The link_only link type expects the user to provide a list of input tables, and is specified as follows:

from splink.duckdb.linker import DuckDBLinker

settings = {
    "link_type": "link_only",
    # etc.
    }

input_aliases = ["table_1", "table_2", "table_3"]
linker = DuckDBLinker([df_1, df_2, df_3], settings, input_table_aliases=input_aliases)
from splink.spark.linker import SparkLinker

settings = {
    "link_type": "link_only",
    # etc.
    }

input_aliases = ["table_1", "table_2", "table_3"]
linker = SparkLinker([df_1, df_2, df_3], settings, input_table_aliases=input_aliases)
from splink.athena.linker import AthenaLinker

settings = {
    "link_type": "link_only",
    # etc.
    }

input_aliases = ["table_1", "table_2", "table_3"]
linker = AthenaLinker([df_1, df_2, df_3], settings, input_table_aliases=input_aliases)
from splink.sqlite.linker import SQLiteLinker

settings = {
    "link_type": "link_only",
    # etc.
    }

input_aliases = ["table_1", "table_2", "table_3"]
linker = SQLiteLinker([df_1, df_2, df_3], settings, input_table_aliases=input_aliases)

The input_table_aliases argument is optional and are used to label the tables in the outputs. If not provided, defaults will be automatically chosen by Splink.

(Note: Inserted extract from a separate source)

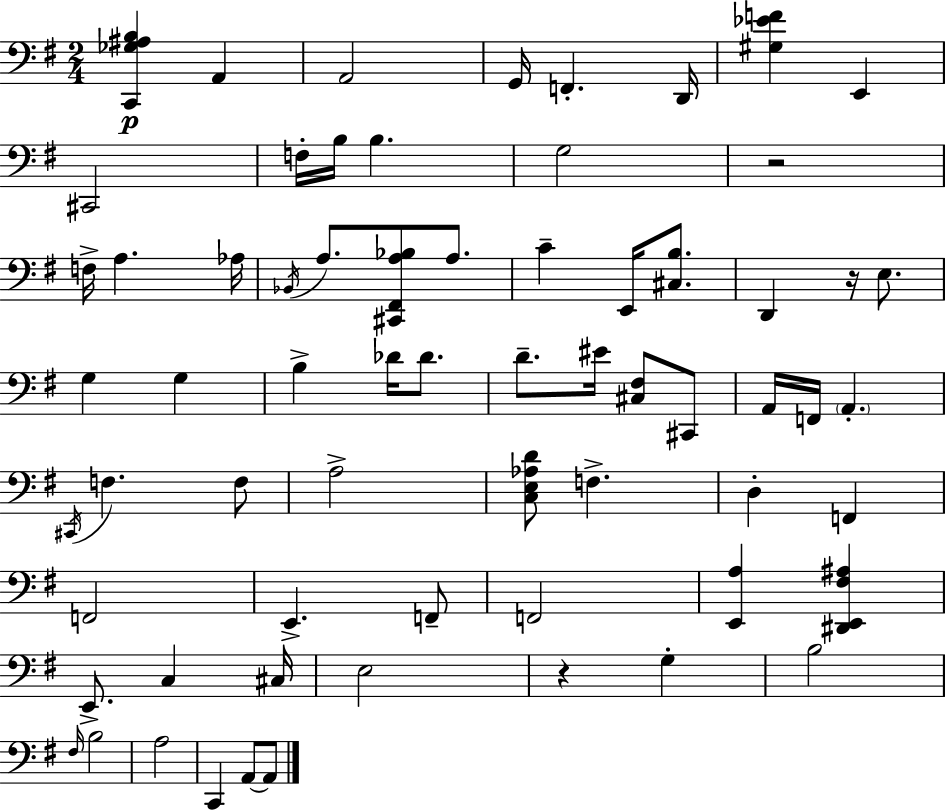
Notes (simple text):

[C2,Gb3,A#3,B3]/q A2/q A2/h G2/s F2/q. D2/s [G#3,Eb4,F4]/q E2/q C#2/h F3/s B3/s B3/q. G3/h R/h F3/s A3/q. Ab3/s Bb2/s A3/e. [C#2,F#2,A3,Bb3]/e A3/e. C4/q E2/s [C#3,B3]/e. D2/q R/s E3/e. G3/q G3/q B3/q Db4/s Db4/e. D4/e. EIS4/s [C#3,F#3]/e C#2/e A2/s F2/s A2/q. C#2/s F3/q. F3/e A3/h [C3,E3,Ab3,D4]/e F3/q. D3/q F2/q F2/h E2/q. F2/e F2/h [E2,A3]/q [D#2,E2,F#3,A#3]/q E2/e. C3/q C#3/s E3/h R/q G3/q B3/h F#3/s B3/h A3/h C2/q A2/e A2/e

The link_and_dedupe link type expects the user to provide a list of input tables, and is specified as follows:

from splink.duckdb.linker import DuckDBLinker

settings = {
    "link_type": "link_and_dedupe",
    # etc.
    }

input_aliases = ["table_1", "table_2", "table_3"]
linker = DuckDBLinker([df_1, df_2, df_3], settings, input_table_aliases=input_aliases)
from splink.spark.linker import SparkLinker

settings = {
    "link_type": "link_and_dedupe",
    # etc.
    }

input_aliases = ["table_1", "table_2", "table_3"]
linker = SparkLinker([df_1, df_2, df_3], settings, input_table_aliases=input_aliases)
from splink.athena.linker import AthenaLinker

settings = {
    "link_type": "link_and_dedupe",
    # etc.
    }

input_aliases = ["table_1", "table_2", "table_3"]
linker = AthenaLinker([df_1, df_2, df_3], settings, input_table_aliases=input_aliases)
from splink.sqlite.linker import SQLiteLinker

settings = {
    "link_type": "link_and_dedupe",
    # etc.
    }

input_aliases = ["table_1", "table_2", "table_3"]
linker = SQLiteLinker([df_1, df_2, df_3], settings, input_table_aliases=input_aliases)

The input_table_aliases argument is optional and are used to label the tables in the outputs. If not provided, defaults will be automatically chosen by Splink.